たとえば、建設機械業界の場合、日本建設機械工業会の統計から、国内の市場規模を把握することが可能です。しかし、同業界はすでに主要プレイヤーがグローバル化していることから、世界の地域別市場動向を把握する必要があります。
そこで役立つのが、コマツや日立建機、タダノといった主要プレイヤーが、各々、決算説明資料で開示している世界の地域別需要動向の推計です。

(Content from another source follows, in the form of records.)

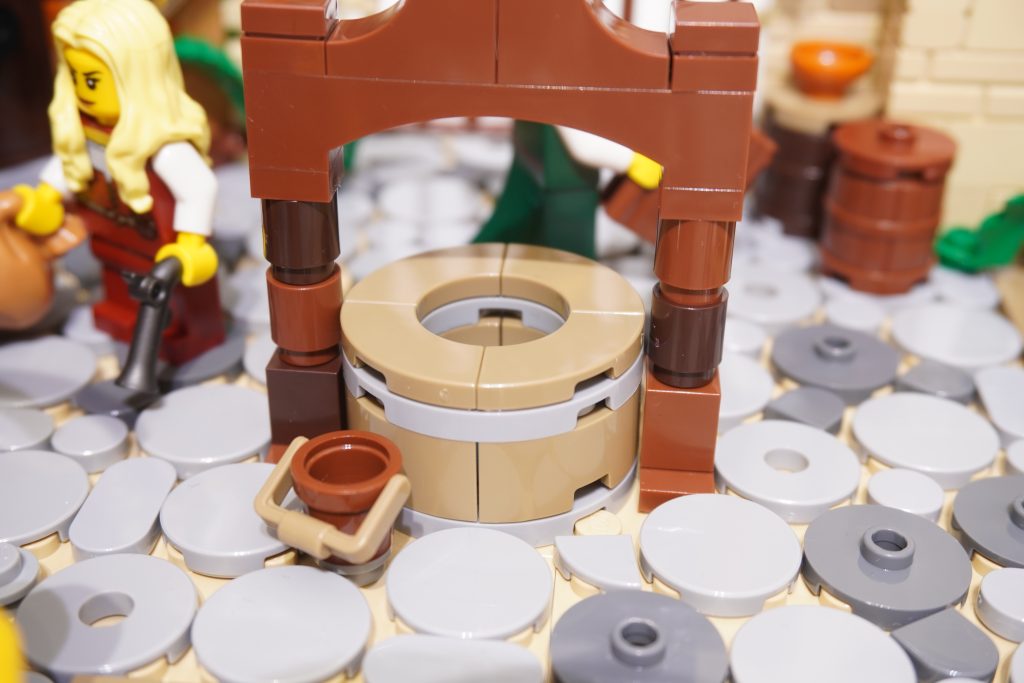 LEGO Bricklink Designer Program The Thieves of Tortuga review 16 1024x683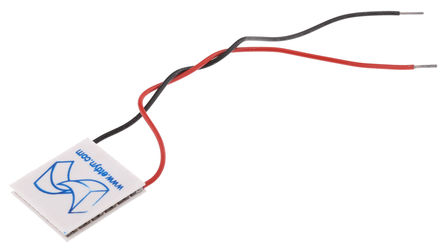 European Thermodynamics - GM200-71-14-16 - European Thermodynamics ЧӦģ GM200-71-14-16, 1.8W, +150K², 1.8A, 3.9V, 30 x 30mm		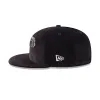Detroit Tigers Black Velvet 59FIFTY Fitted Hat sold by New Era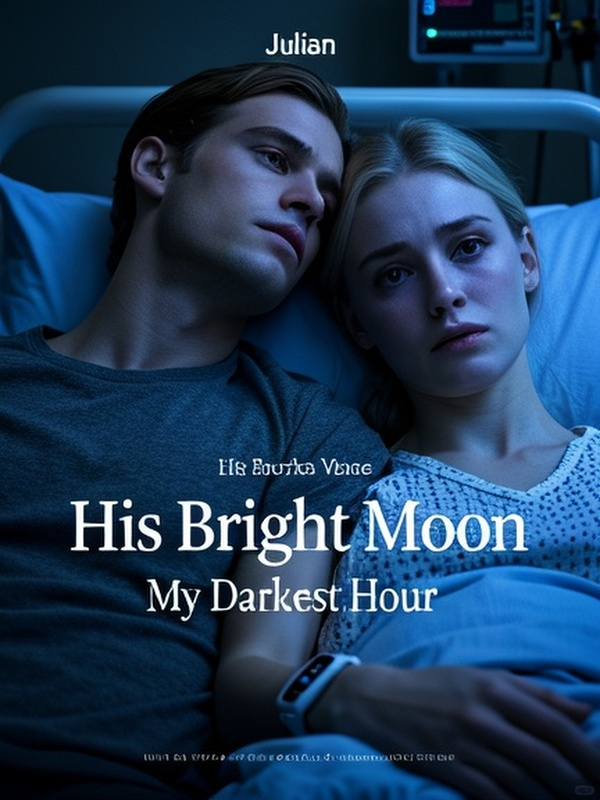 His Bright Moon, My Darkest Hour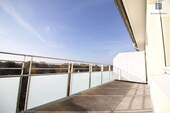 Balkon - 2 Zimmer Etagenwohnung zur Miete in Köln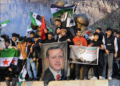 Erdogan family’s jihadist foundation portrays him as ‘conqueror of Syria’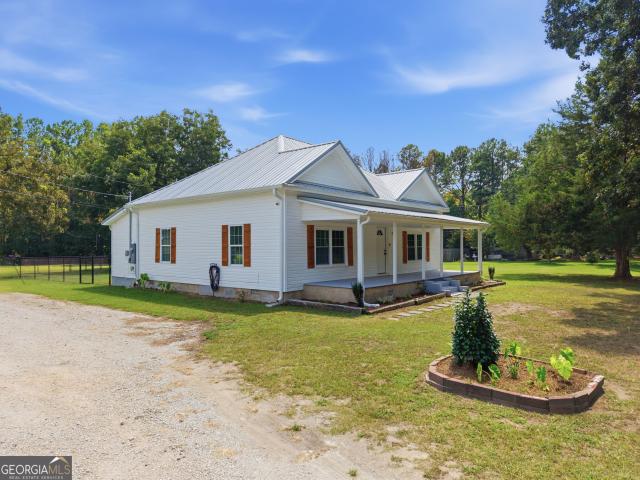 House for sale in Bremen, Haralson County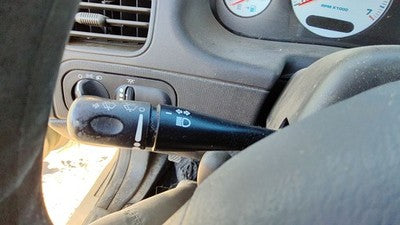 98-04 Intrepid Turn Signal Switch Windshield Wiper Column Control Lever Assembly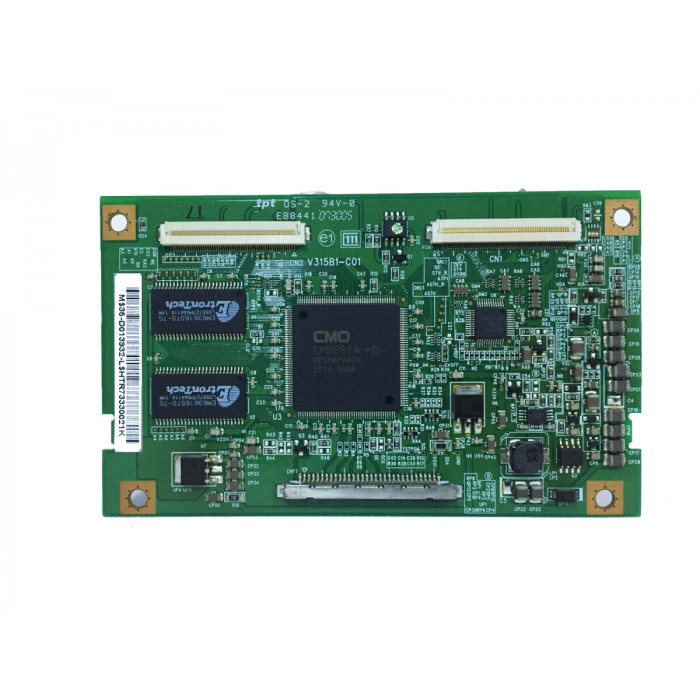 V315B1-C01 , V315B-L01 REV.C4 , CMO V315B1-L01 , V315B1-L08 , Samsung Tcon Board , Ctrl Logic Board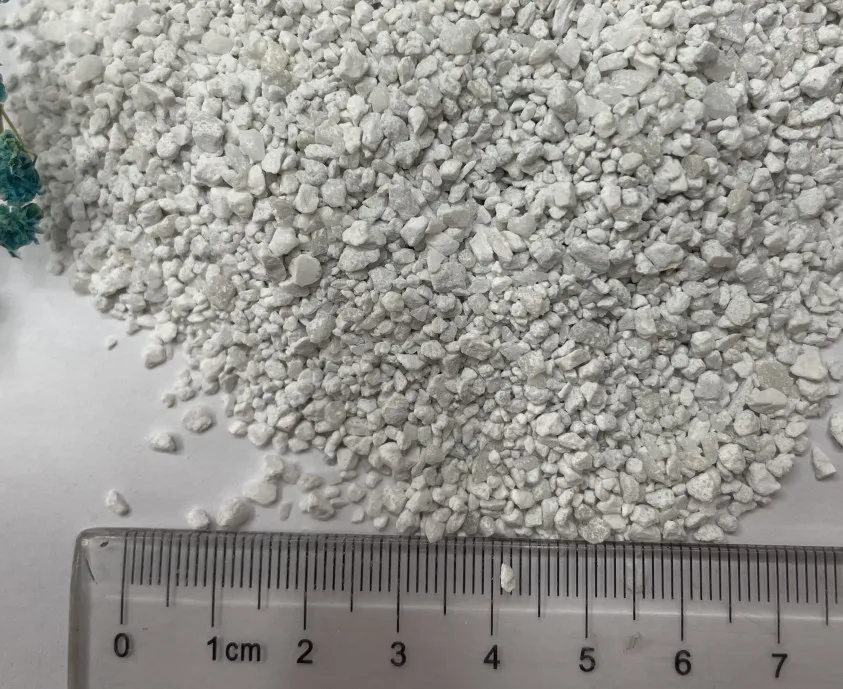 Runda Granulated Calcium Removal Flux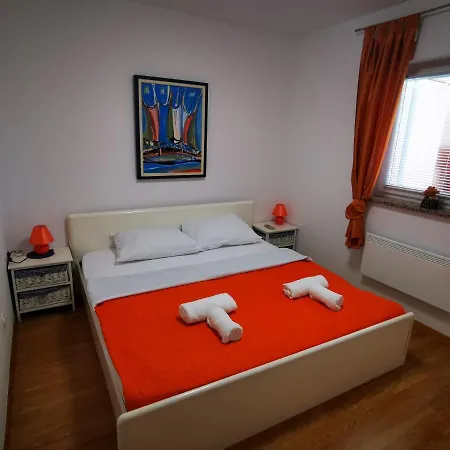 Kuca Za Odmor Teja Hébergement de vacances *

これらのプレイヤーのように詳細な市場規模までは把握していなくても、業界の主要プレイヤーは、おおよその市場規模をつかんでいることもあります。問い合わせしてみるのも手でしょう。
自ら推計するケース
国の統計や業界団体の業界統計、民間市場調査会社、事業会社のIRのデータなどでも、業界の市場規模が得られない場合もあります。
比較的、市場規模が小さな業界の場合に多いです。
そのような時には、推計することにより市場規模をつかむことができることがあります。
ここでは、部品市場の場合を考えてみましょう。
部品市場の場合、経済統計では、部品そのものの市場規模が捉えられないことが、よくあります。
そういうときは、完成品1台当たりに占める搭載個数を求めます。
たとえば、自動車1台につき2個搭載される部品の場合、自動車の市場規模の台数がわかれば、それを2倍すれば市場規模の個数がわかります。
また、1台当たりに占める平均単価がわかれば、市場規模の金額もわかる、といった具合です。
さて、今日は、市場規模を調べるために参照すべき統計について、かんたんに解説しました。
ご自身の調べたい業界について、どんな統計が使えるか、拙著『アナリストが教えるリサーチの教科書 自分でできる情報収集・分析の基本』なども参考に、実際に手を動かしてみていただければと思います。